5.5 En apprenant, dès la fin du film, qu’il s’agissait de l’adaptation d’un roman de Pierre Lemaitre, j’ai compris pourquoi ça m’avait semblé être un scénario improbable : c’est l’auteur d’Au revoir là-haut, adapté au cinéma par Dupontel. Et déjà c’était comme qui dirait chargé. Ce qui est intéressant avec Boukhrief c’est qu’il garde l’aspect spectaculaire du récit tout en dégraissant au niveau de l’image. Le film ne cherche jamais à en mettre plein la vue.

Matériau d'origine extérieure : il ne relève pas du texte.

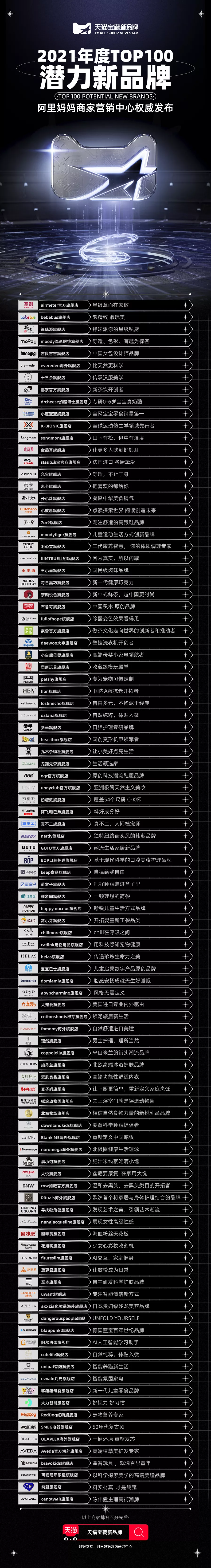 新品牌发展路径：从高速度增长迈向高质量增长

Plus que son scénario tarabiscoté avec ses nombreux rebondissements, ce qui me plaît dans Trois jours, une vie c’est le lieu, ce village ardennais duquel on ne sort jamais, bordé par une forêt de pins. J’ai un peu pensé au Becker de Goupi mains rouges. Ensuite il y a deux idées fortes, inattendues : une ellipse de quinze ans alors qu’on ne l’attend surtout pas à ce moment-là. Et l’explication du choix de cette date d’événement (l’enfant disparaît le 23 décembre 1999) : dans la nuit du 26, de grosses intempéries viendront tout secouer, balayer, enfouir secrets, douleurs et culpabilité, comme un livre inachevé que l’on referme brutalement. Faire entrer dans ce récit la tempête du siècle c’est plutôt très bien vu.
Reste un sordide conte de Noël, froid, macabre. Qui l’est d’autant plus quand le personnage est adulte, car notre regard sur sa culpabilité ou son déni de culpabilité a diamétralement changé. Le film manque tout de même un peu d’incarnation et de mystère, malgré tout : avec cette quantité de personnages il y avait moyen d’étoffer un peu plus les ambiguïtés plutôt que de jouer sur des mécanismes à twist grossiers (le rôle de la sœur de la victime, la révélation du médecin ou le secret du charcutier-volailler, qu’on avait compris illico). C’est très scolaire, au fond. C’est pas Twin Peaks, quoi. Mais il y a une atmosphère malgré tout, un truc qui reste, une patte.